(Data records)
● ● ● ● ●
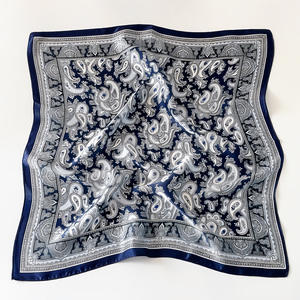 Écharpe en soie Vintage d'été pour femmes nouvelle mode 53x53cm petit châle carré en soie - Product Image 1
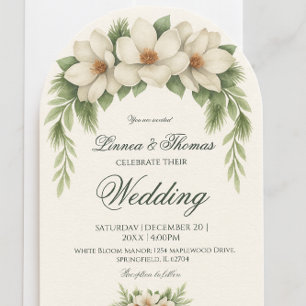 Elegant White Magnolia Wedding Pine Tree Frame Invitation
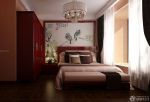 中式壁纸贴图卧室设计效果图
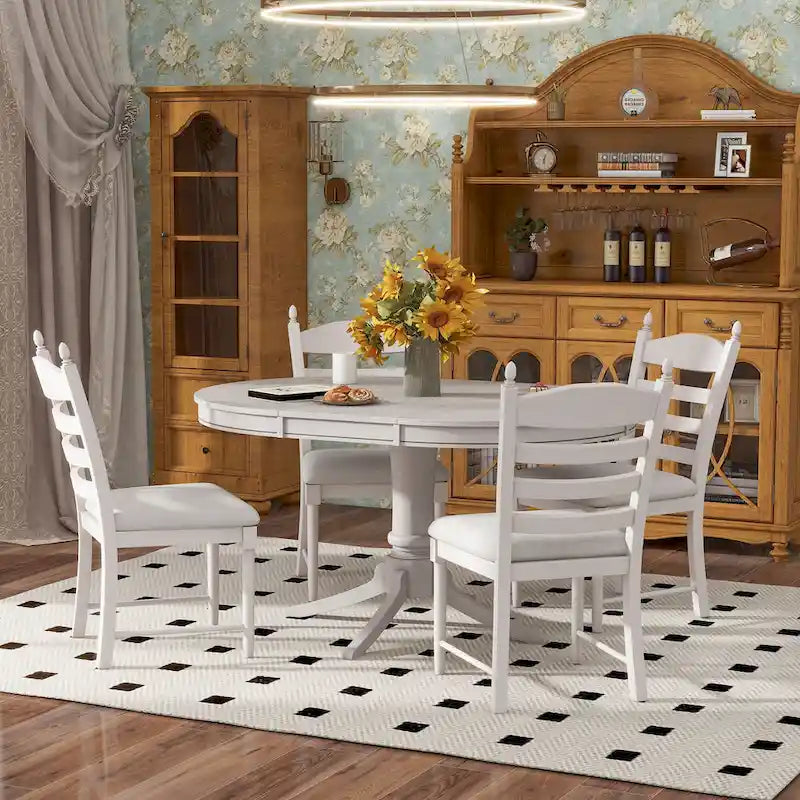 5-Piece Retro Wood Dining Set: Round Extendable Table with 4 Upholstered Chairs - image 3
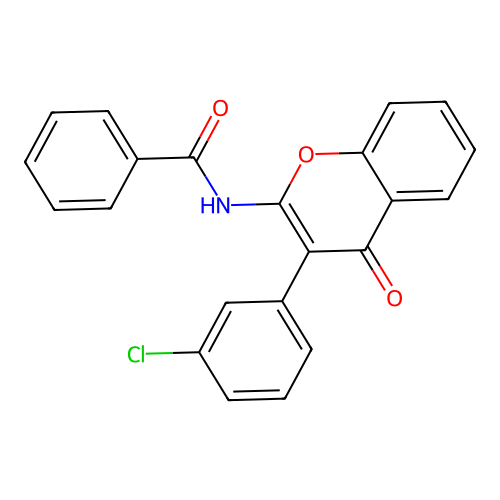 N-(3-(3-chlorophenyl)-4-oxo-4H-chromen-2-yl)benzamide structure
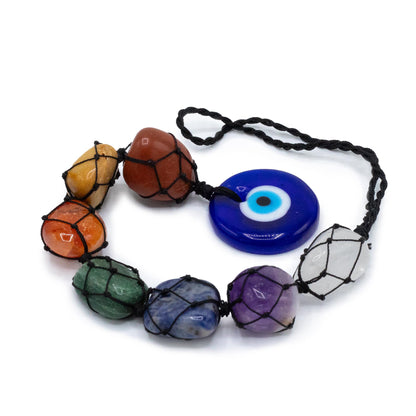 7 Chakra Gemstone and Evil Eye Hanging Pendant | Protection & Energy Balance - Crystal Nest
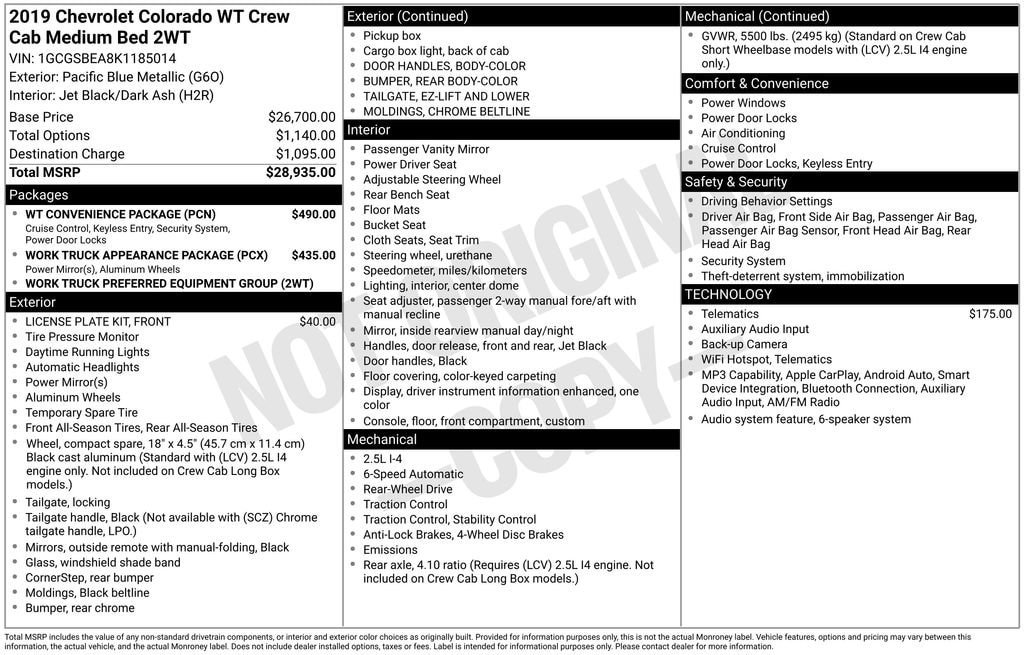 Certified 2019 Chevrolet Colorado W/T w/ WT Convenience Package RWD image 11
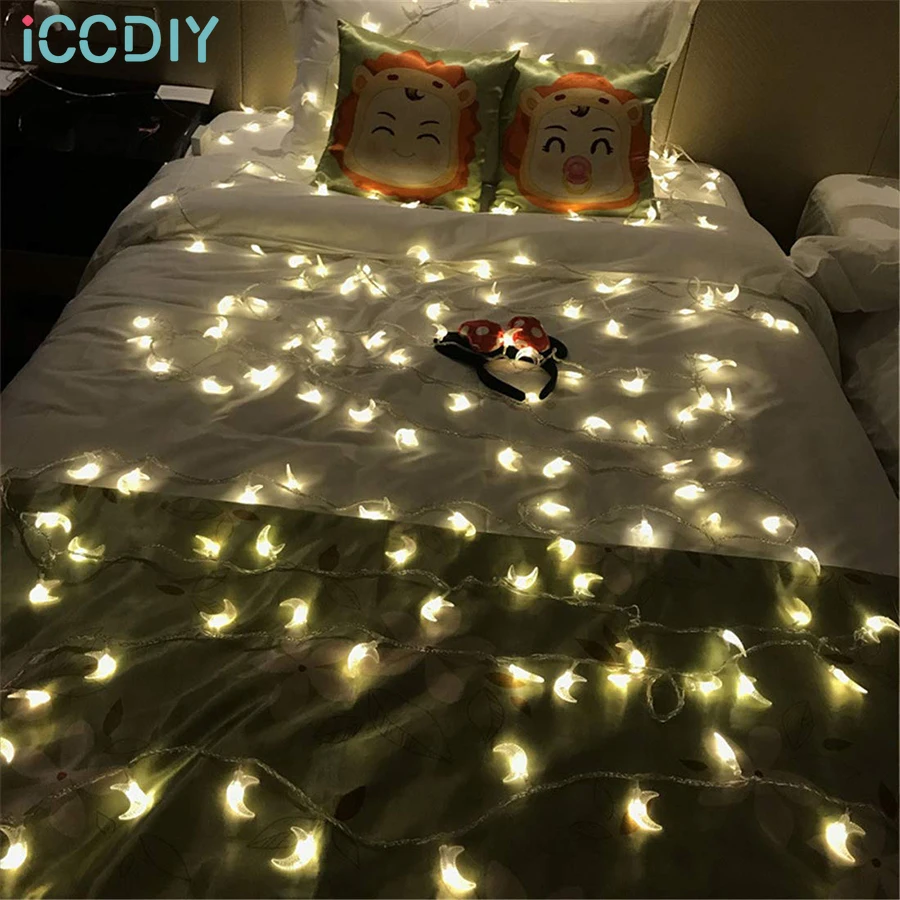 

1.5M/3M/6M Moon Shape LED String Lights Holiday Lighting Fairy Garland for Christmas Tree Wedding Party Ramadan Decoration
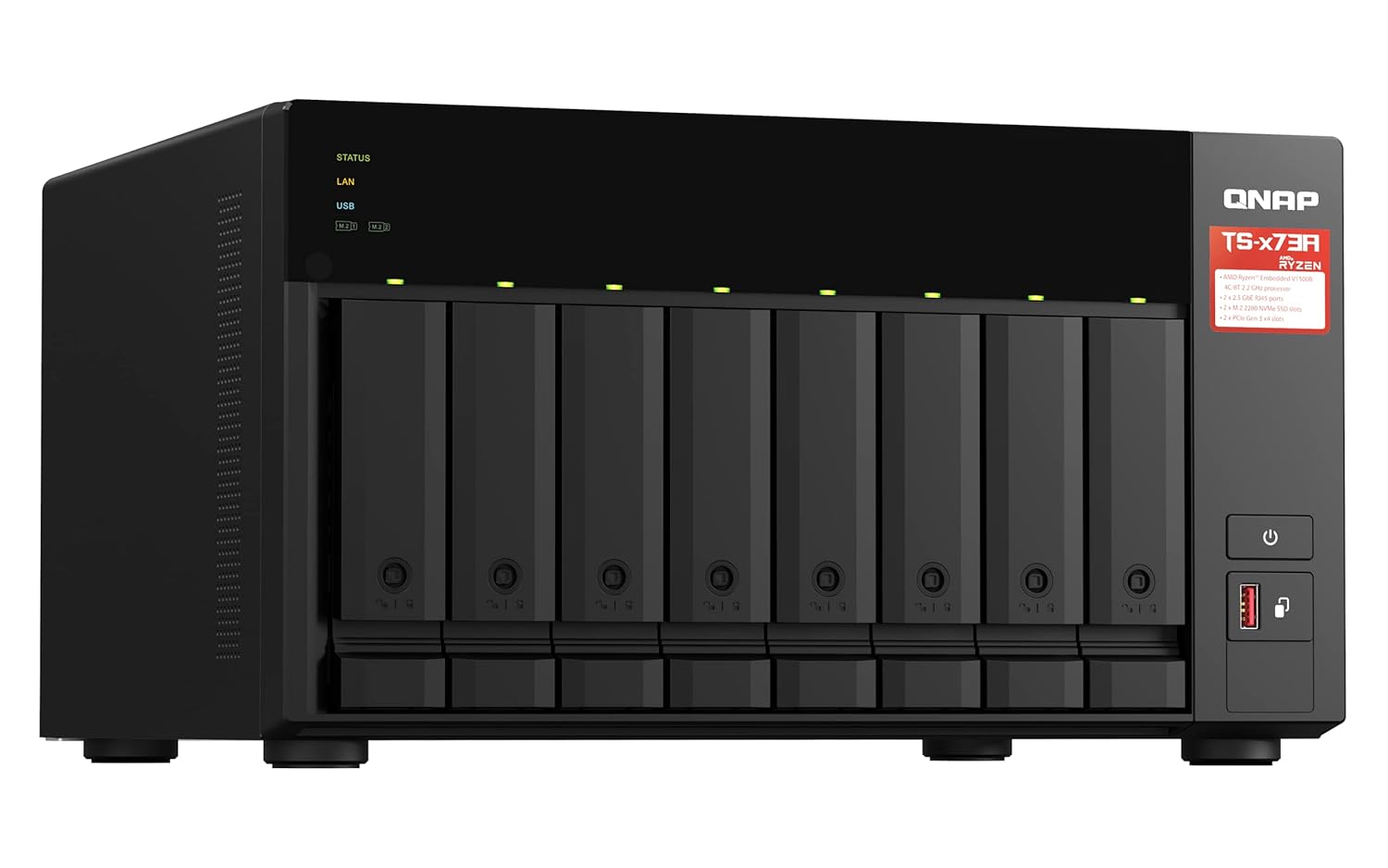 QNAP TS-873A-8G 8 Bay High-Performance NAS with 2 x 2.5GbE Ports and Two PCIe Gen3 Slots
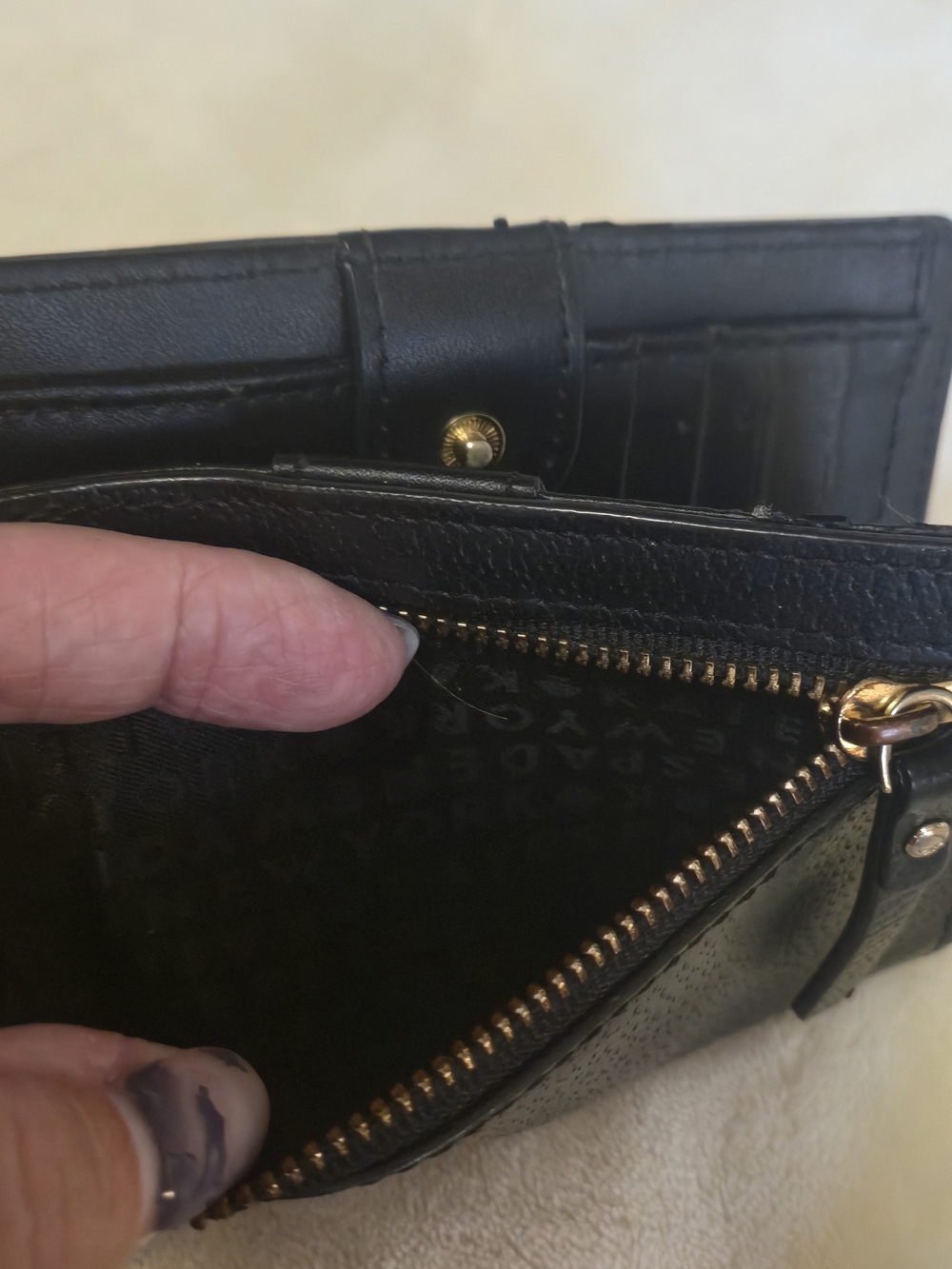 Kate Spade Black Leather Wallet with Gold Hardware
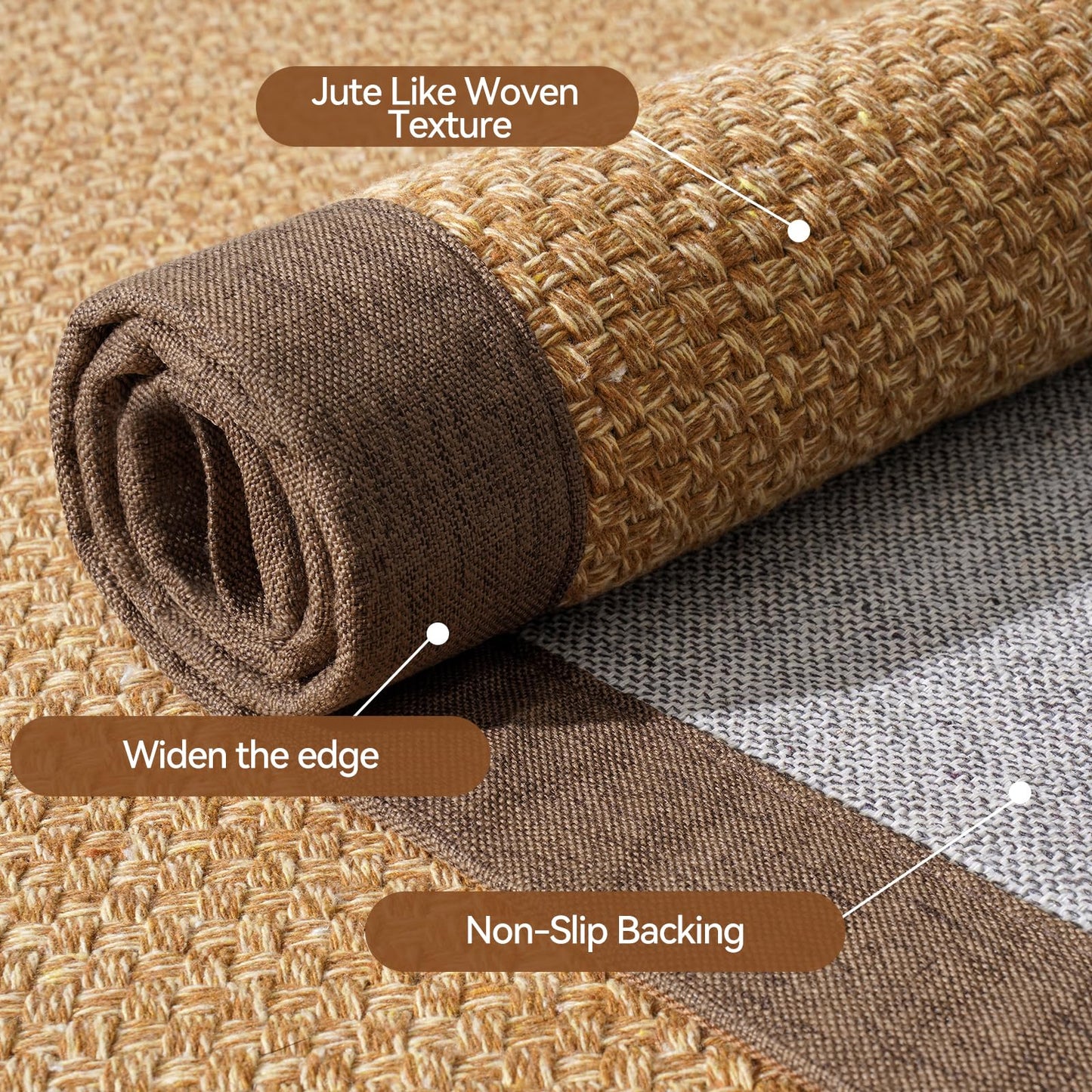 YDKGL 3x5 ft Entryway Area Rug Hallway Kitchen Runner Rug Floor Mat Brown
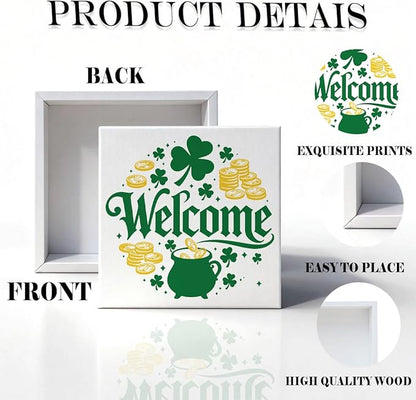 St. Patrick's Day Welcome Decor Wooden Box Sign, Pot of Gold Shamrock Tabletop Welcome Sign for Home Entryway Shelf Desk, Festive Farmhouse Holiday Wooden Decor Irish Theme 5 x 5 Inches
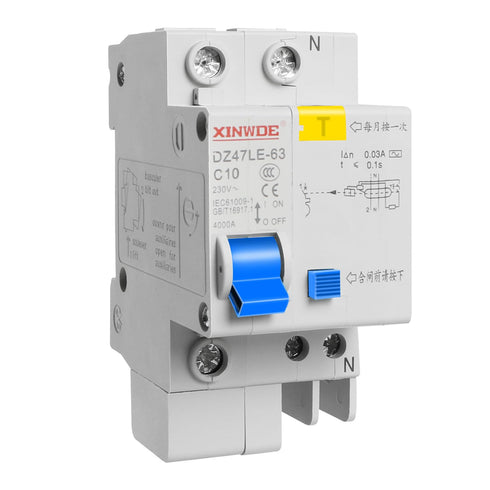 Aopin 10A 230V Miniature Circuit Breaker 1 Pole DZ47-63, DIN Rail Mount, Leakage Overload Short Circuit Protection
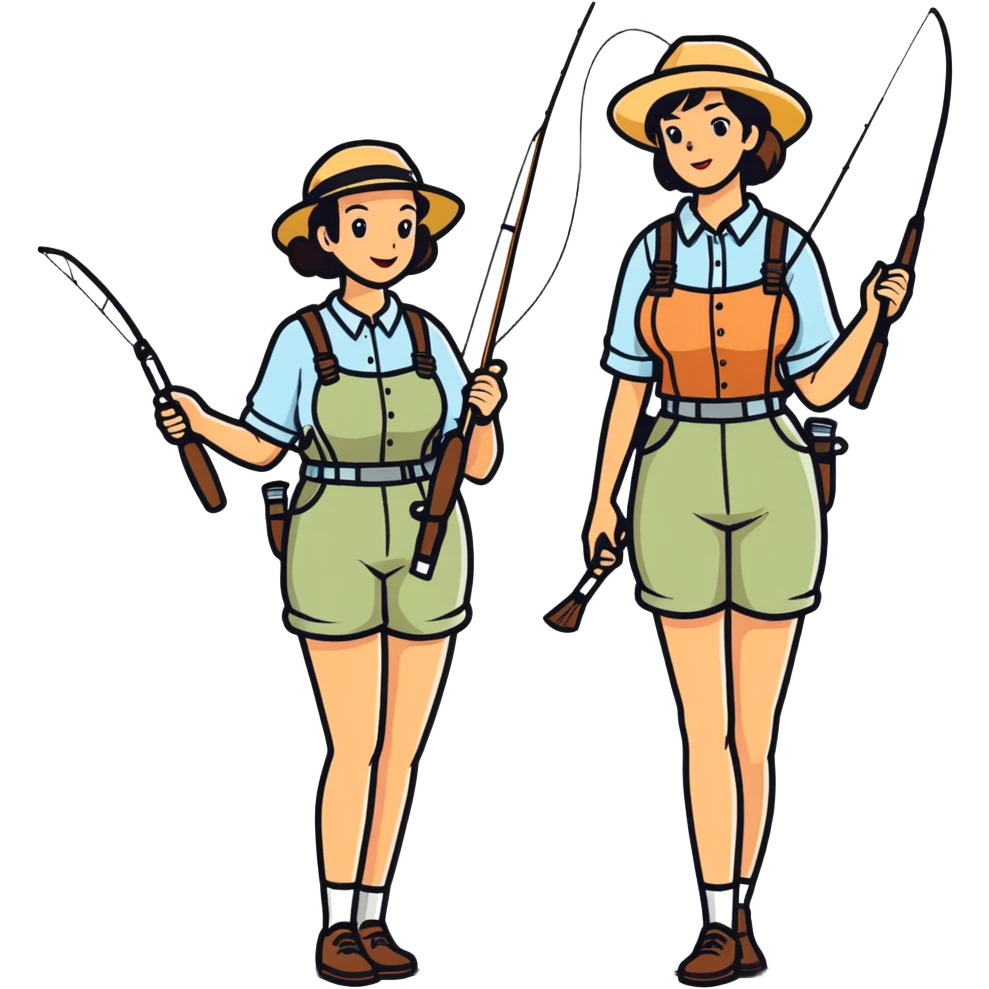 Two really pretty tall girls one with big boobs fly fishing emoji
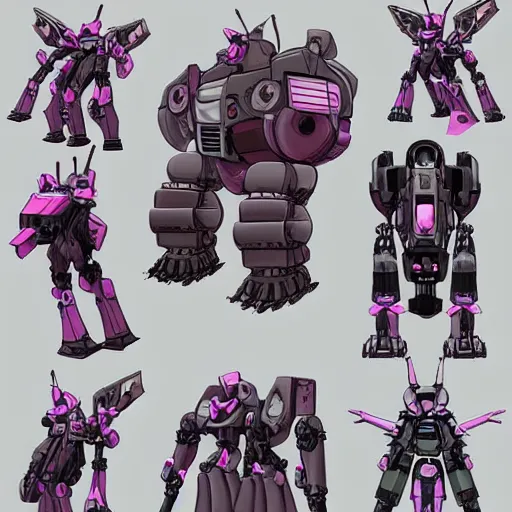 Prompt: concept art of an heavy warmech, pink and cute mech, canons and railguns, photoshop, trending on artstation by alex ichim and evan leep and salvatorre yazzie, # mechanical design, # mecha, # digital 2 d, # character design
● ● ● ● ●
TASK DETAILS >>
In the records above, find the line containing "N-(3-(3-chlorophenyl)-4-oxo-4H-chromen-2-yl)benzamide structure", then please restate it and each line after it word for word, pictures excluded.

REPLY >>
 N-(3-(3-chlorophenyl)-4-oxo-4H-chromen-2-yl)benzamide structure
 7 Chakra Gemstone and Evil Eye Hanging Pendant | Protection & Energy Balance - Crystal Nest
 Certified 2019 Chevrolet Colorado W/T w/ WT Convenience Package RWD image 11

1.5M/3M/6M Moon Shape LED String Lights Holiday Lighting Fairy Garland for Christmas Tree Wedding Party Ramadan Decoration
 QNAP TS-873A-8G 8 Bay High-Performance NAS with 2 x 2.5GbE Ports and Two PCIe Gen3 Slots
 Kate Spade Black Leather Wallet with Gold Hardware
 YDKGL 3x5 ft Entryway Area Rug Hallway Kitchen Runner Rug Floor Mat Brown
 St. Patrick's Day Welcome Decor Wooden Box Sign, Pot of Gold Shamrock Tabletop Welcome Sign for Home Entryway Shelf Desk, Festive Farmhouse Holiday Wooden Decor Irish Theme 5 x 5 Inches
 Aopin 10A 230V Miniature Circuit Breaker 1 Pole DZ47-63, DIN Rail Mount, Leakage Overload Short Circuit Protection
 Two really pretty tall girls one with big boobs fly fishing emoji
 Prompt: concept art of an heavy warmech, pink and cute mech, canons and railguns, photoshop, trending on artstation by alex ichim and evan leep and salvatorre yazzie, # mechanical design, # mecha, # digital 2 d, # character design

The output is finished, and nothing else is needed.